#### [Exercise objective]
Starting at the line with "Heeled shoes — BLACK" and ending at the line with "Talbots Tweed Embroidered", print exactly the lines of the entries below. Pictures do not belong in the copy.

#### [Records for the exercise]
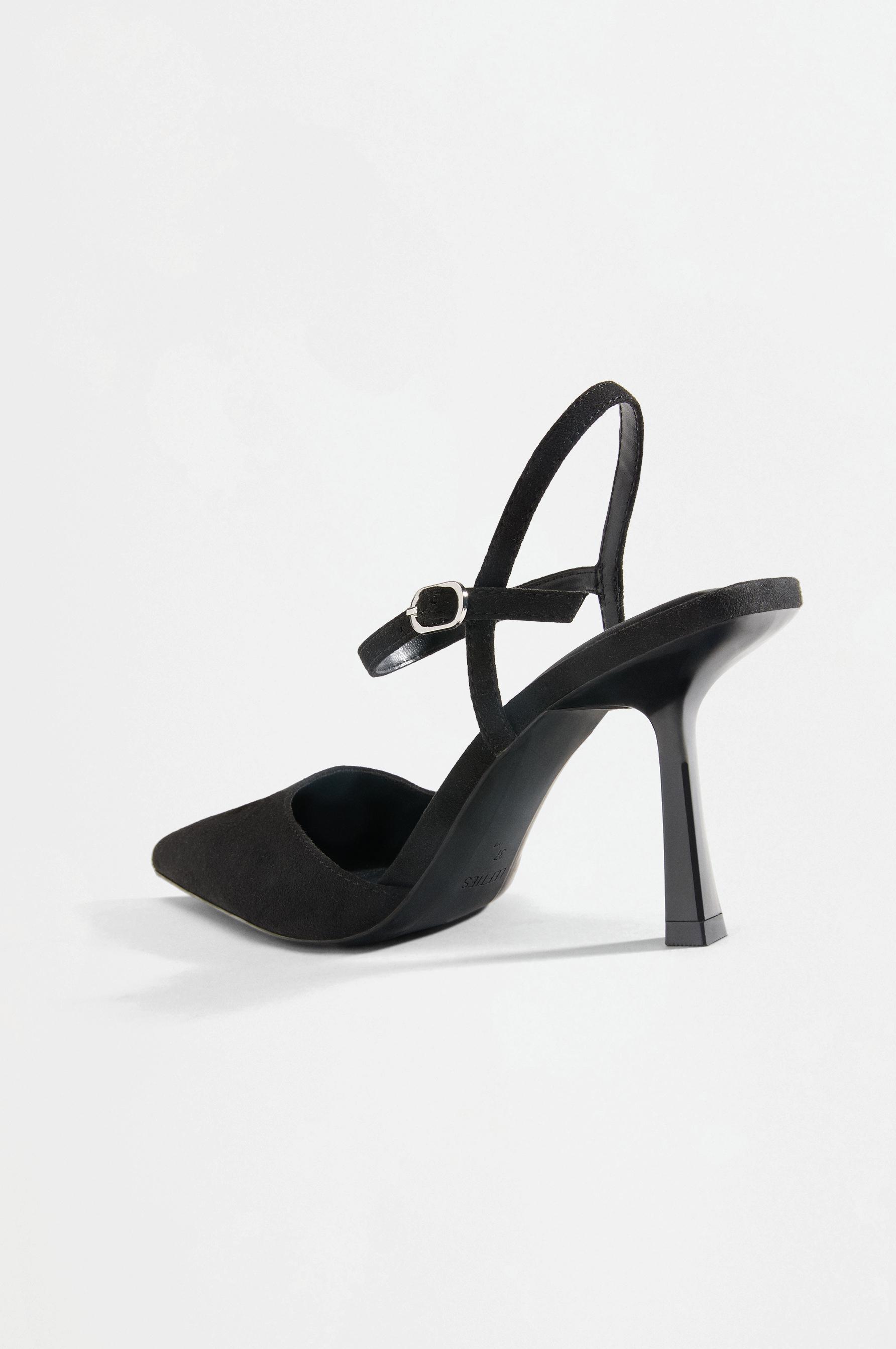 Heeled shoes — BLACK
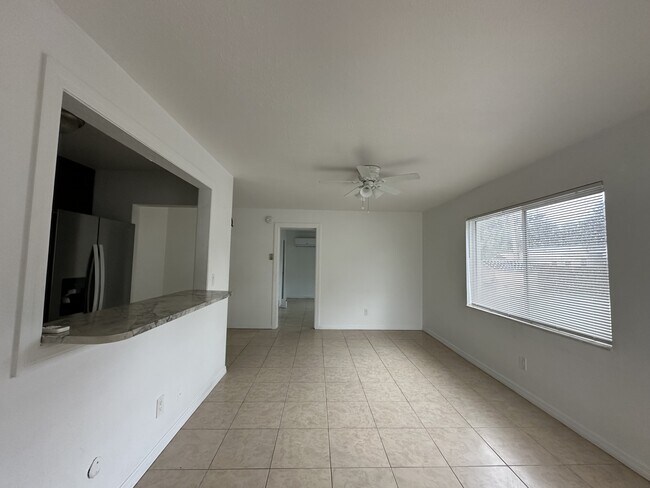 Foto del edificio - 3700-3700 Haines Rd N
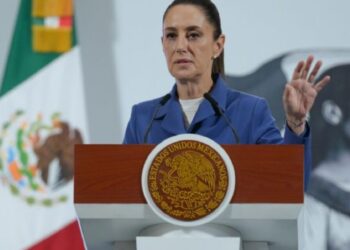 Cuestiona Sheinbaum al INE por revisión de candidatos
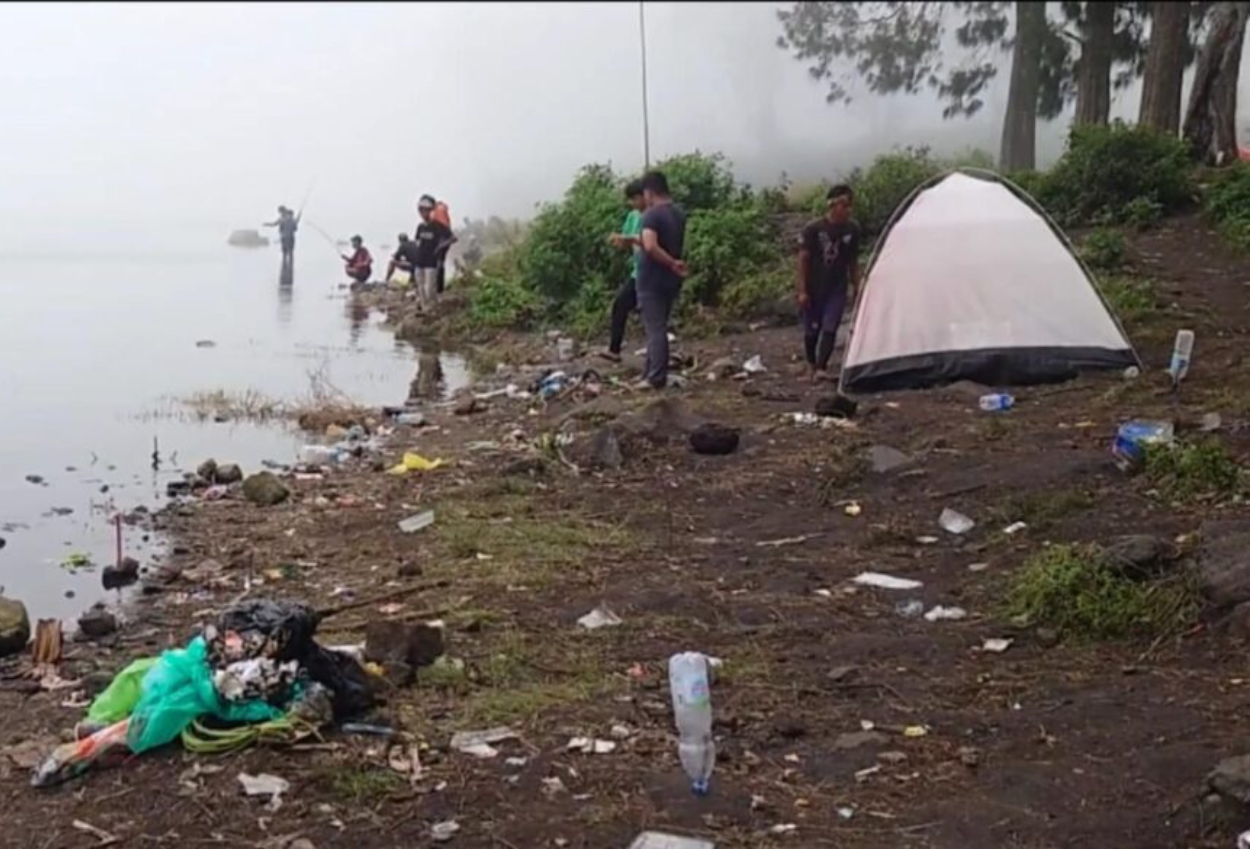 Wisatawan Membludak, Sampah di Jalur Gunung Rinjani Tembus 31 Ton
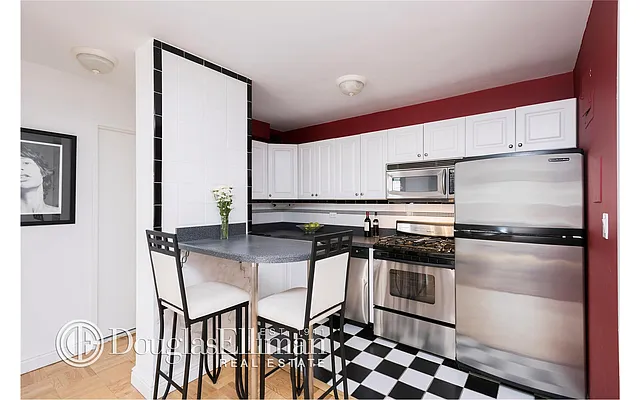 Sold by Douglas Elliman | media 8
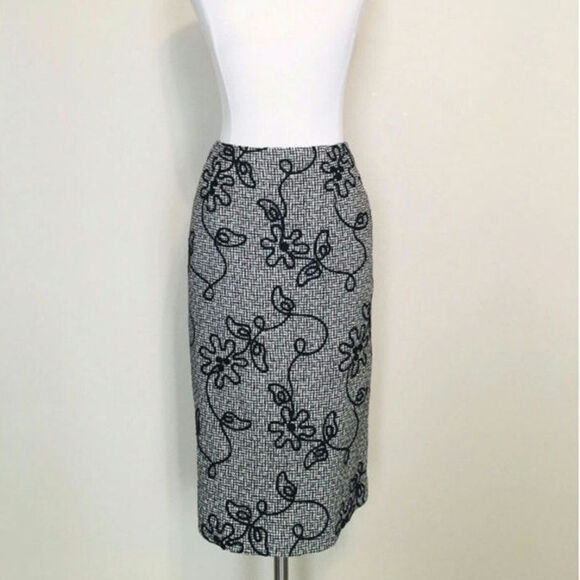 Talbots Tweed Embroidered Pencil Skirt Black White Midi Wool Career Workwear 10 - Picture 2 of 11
---
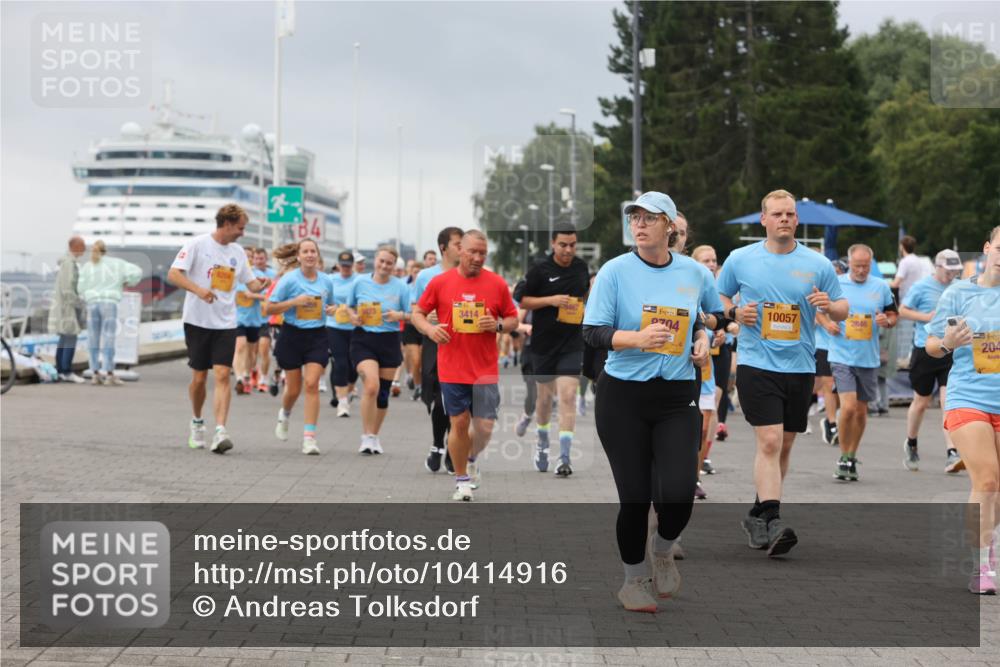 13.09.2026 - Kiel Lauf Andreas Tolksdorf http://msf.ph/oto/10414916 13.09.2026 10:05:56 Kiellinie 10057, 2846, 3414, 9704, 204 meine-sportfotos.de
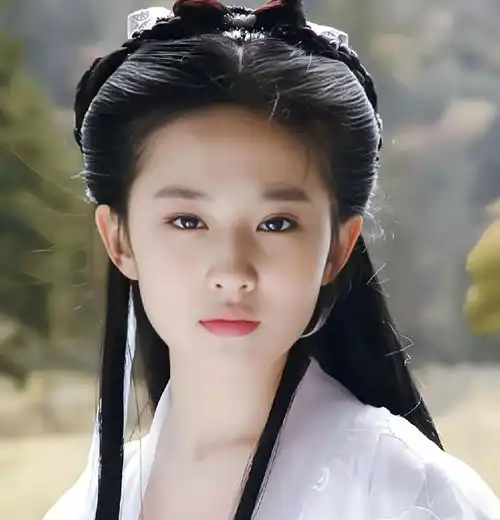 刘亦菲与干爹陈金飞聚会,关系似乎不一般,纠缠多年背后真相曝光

#### [Solution to the exercise]
 Heeled shoes — BLACK
 Foto del edificio - 3700-3700 Haines Rd N
 Cuestiona Sheinbaum al INE por revisión de candidatos
 Wisatawan Membludak, Sampah di Jalur Gunung Rinjani Tembus 31 Ton
 Sold by Douglas Elliman | media 8
 Talbots Tweed Embroidered Pencil Skirt Black White Midi Wool Career Workwear 10 - Picture 2 of 11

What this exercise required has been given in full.